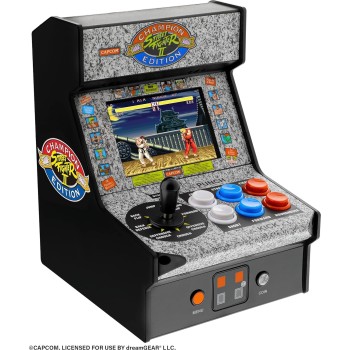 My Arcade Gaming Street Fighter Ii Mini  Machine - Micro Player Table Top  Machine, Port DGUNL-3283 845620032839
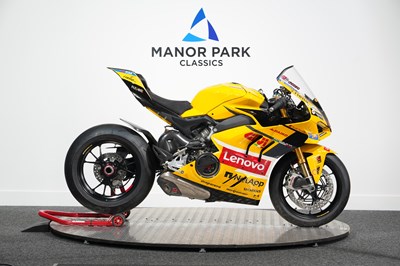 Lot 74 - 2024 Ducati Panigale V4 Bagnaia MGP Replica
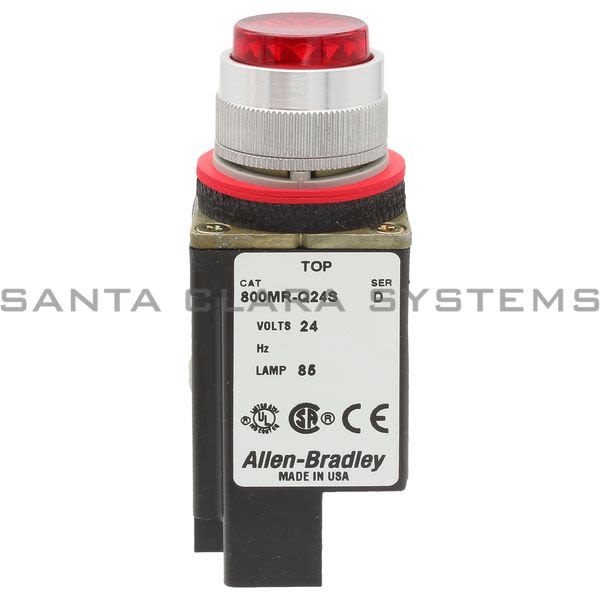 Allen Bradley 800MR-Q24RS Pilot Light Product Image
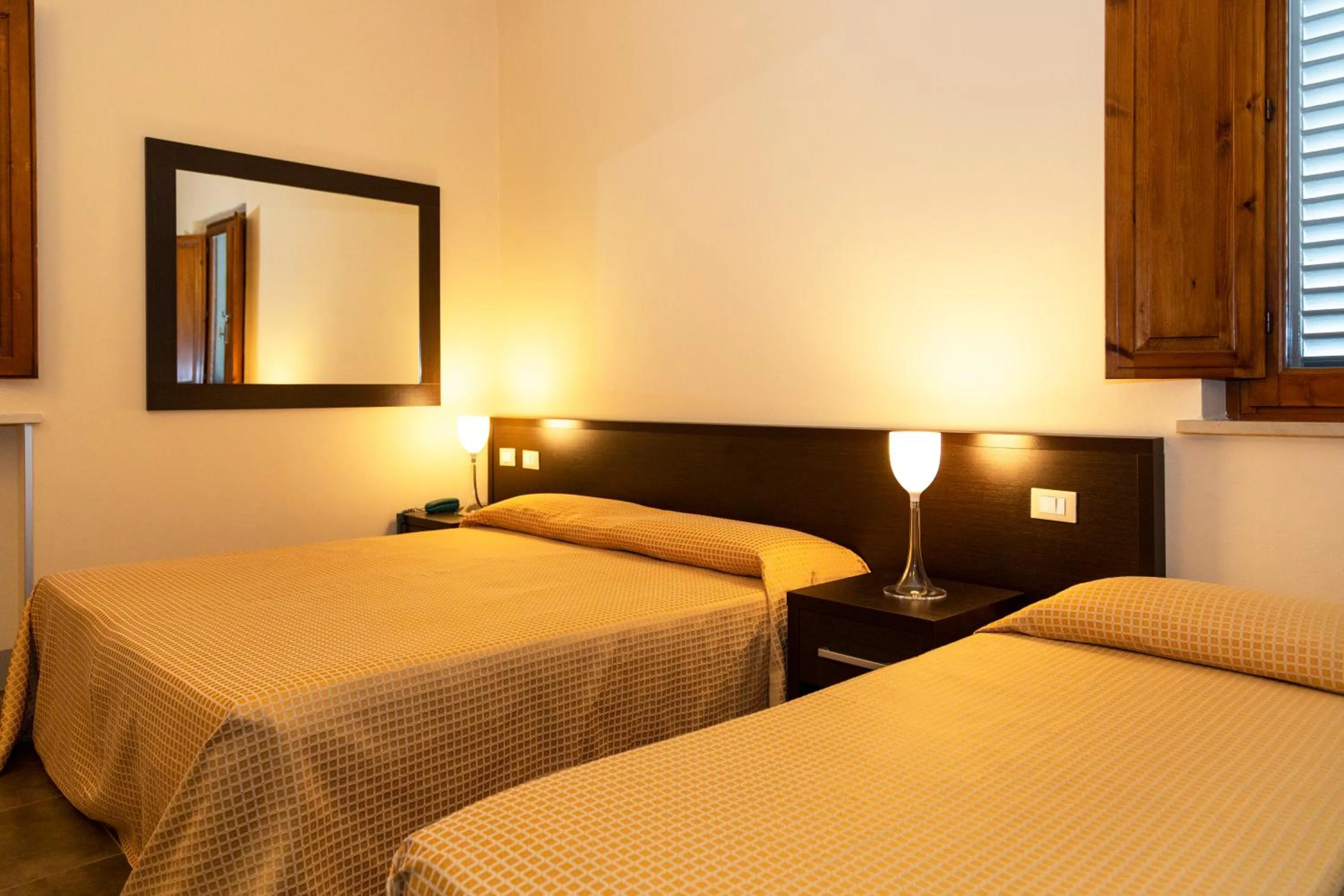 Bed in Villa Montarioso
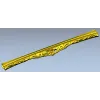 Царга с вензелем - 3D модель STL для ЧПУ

==

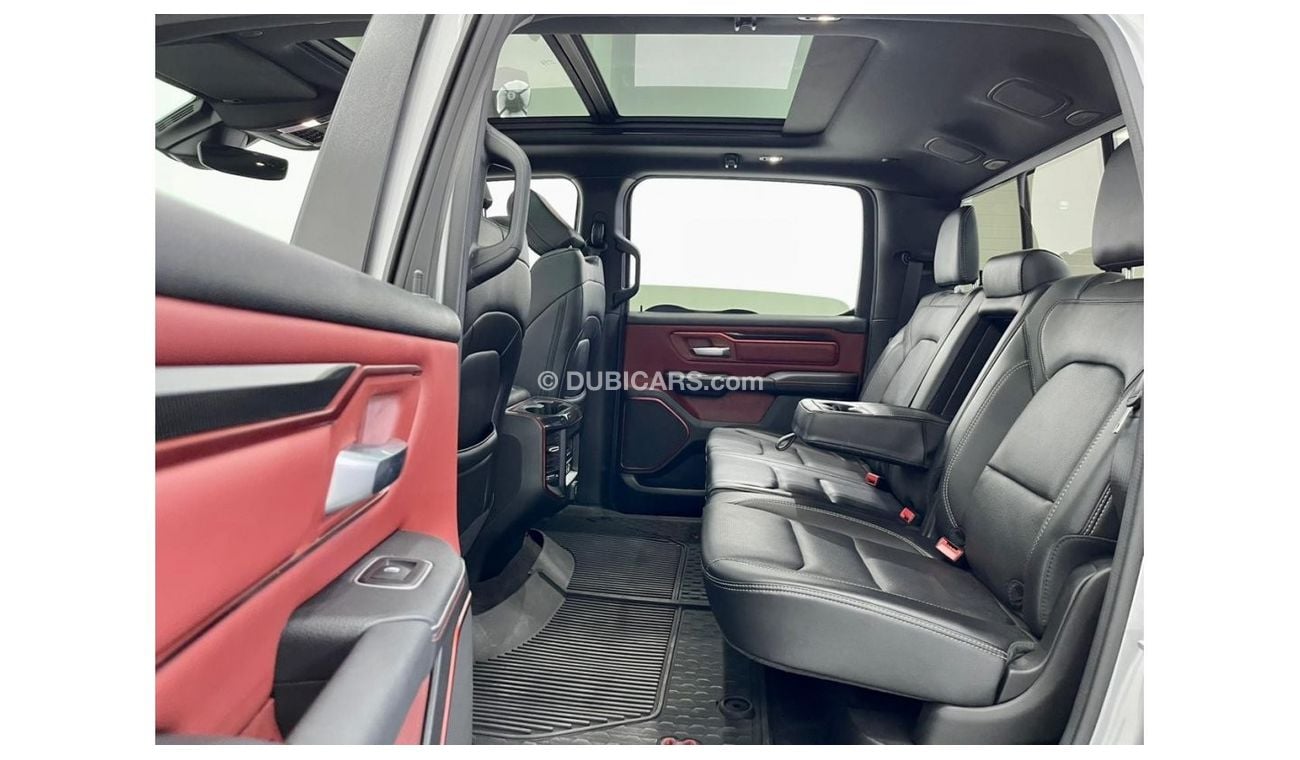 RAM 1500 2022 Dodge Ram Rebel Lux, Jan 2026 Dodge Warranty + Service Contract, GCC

==

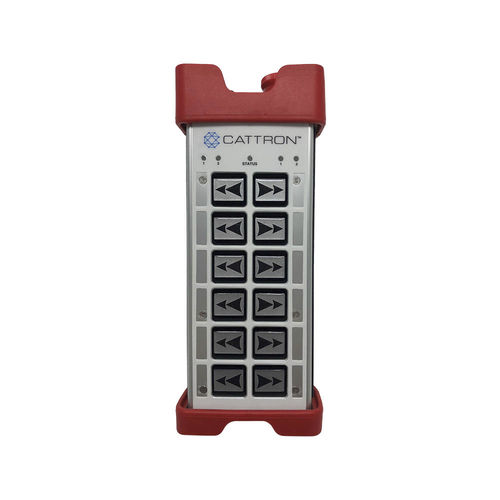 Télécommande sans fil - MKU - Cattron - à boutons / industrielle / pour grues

*Exercise objective*
Above are some entries. Restate word for word the lines from the one holding "Lot 74 - 2024" through the one holding "Царга с вензелем - 3D модель STL для ЧПУ", but not the pictures.

*Output of the exercise*
 Lot 74 - 2024 Ducati Panigale V4 Bagnaia MGP Replica
 Allen Bradley 800MR-Q24RS Pilot Light Product Image
 Bed in Villa Montarioso
 Царга с вензелем - 3D модель STL для ЧПУ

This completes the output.